> Try it: Give an exact transcription limited to the lines from the one with "商品画像：80s/GAME WINNER/長袖シャツ/M/コットン/カモフラ 4" through the end of the entries, including both; no pictures belong in it.

Captioned web images:
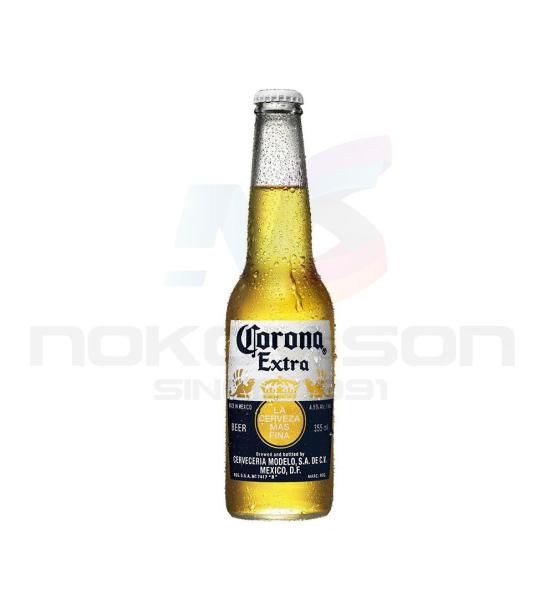 бира Corona La Cerveza Mas Fina Extra
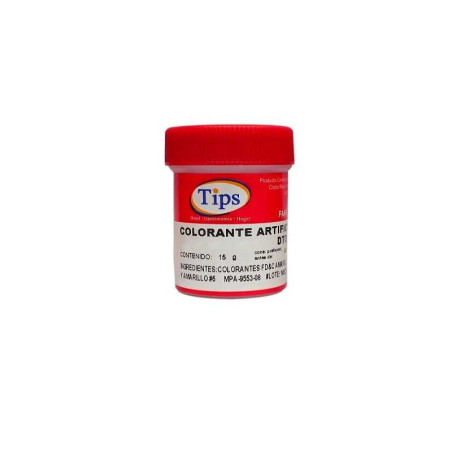 Colorante en Polvo Verde Limon de 15 Gramos ASTEK DT031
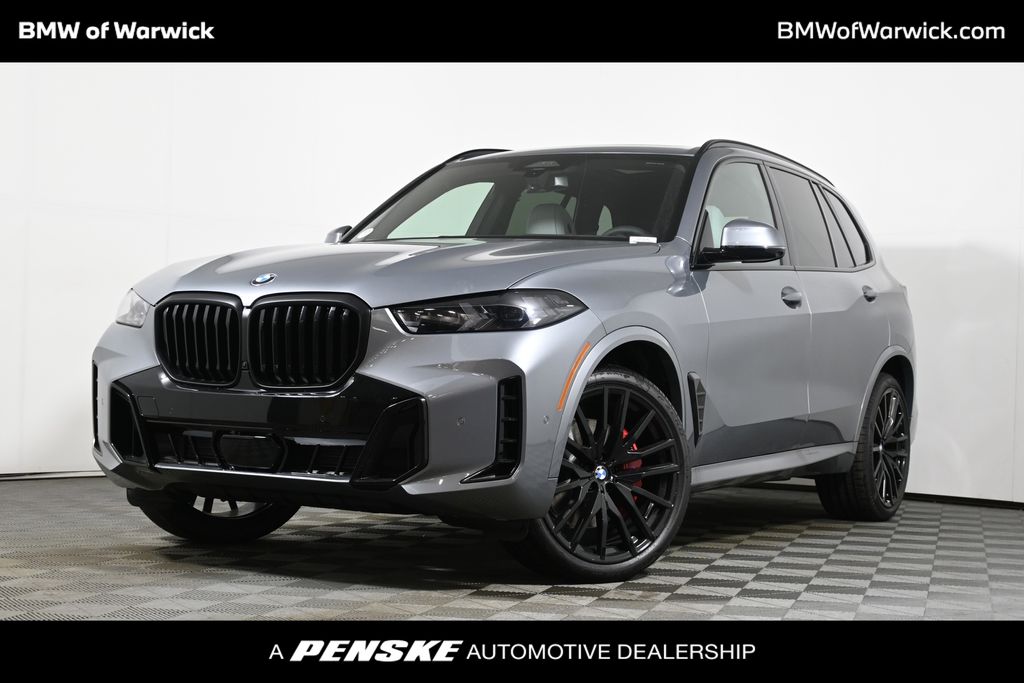 Thumbnail: 2026 BMW X5 - 1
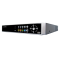 NVR Plug and Play de 4 canales, resolución Full HD 1080P@30IPS por canal, Switch PoE interconstruido de 4 canales XNVR-4P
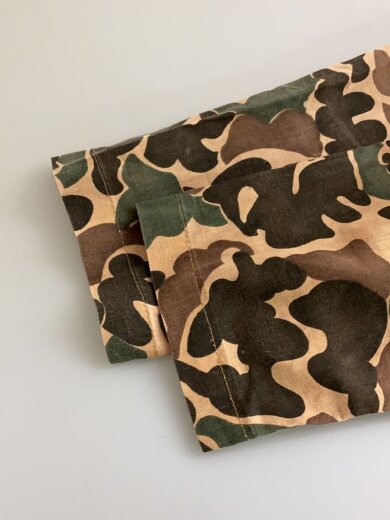 商品画像：80s/GAME WINNER/長袖シャツ/M/コットン/カモフラ 4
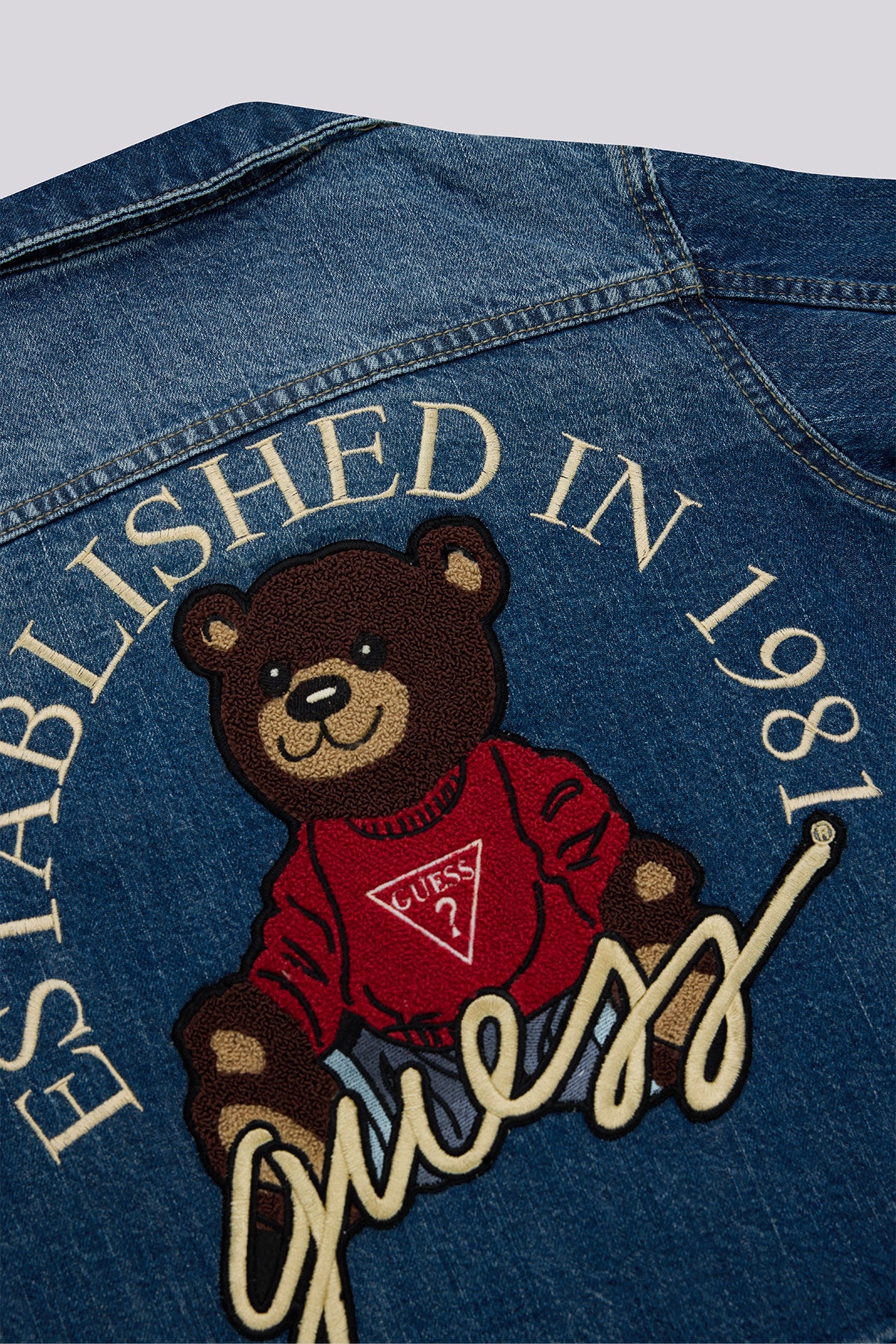 Boy Blue Jacket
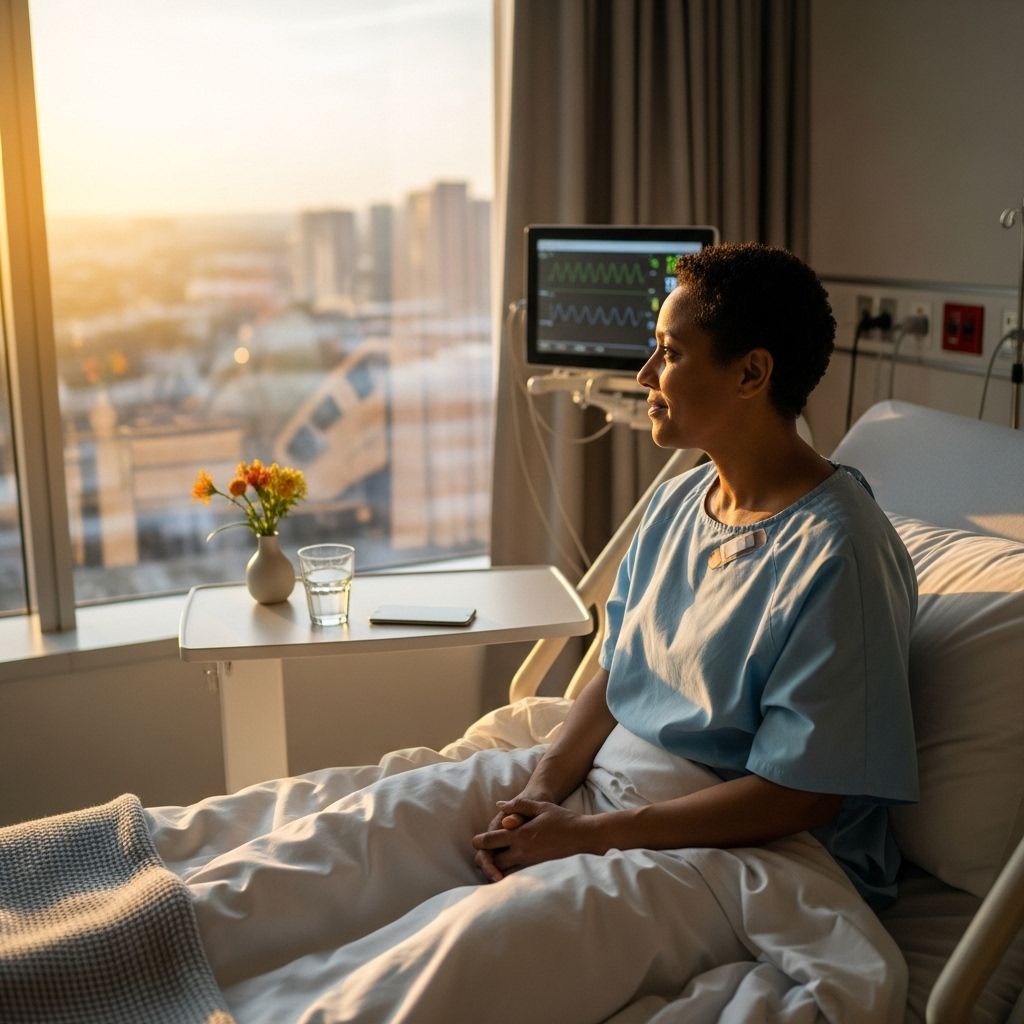 Understand how long it takes to recover from heart ablation, key milestones, common experiences, and tips for optimal healing.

> Problem solution:
 商品画像：80s/GAME WINNER/長袖シャツ/M/コットン/カモフラ 4
 Boy Blue Jacket
 Understand how long it takes to recover from heart ablation, key milestones, common experiences, and tips for optimal healing.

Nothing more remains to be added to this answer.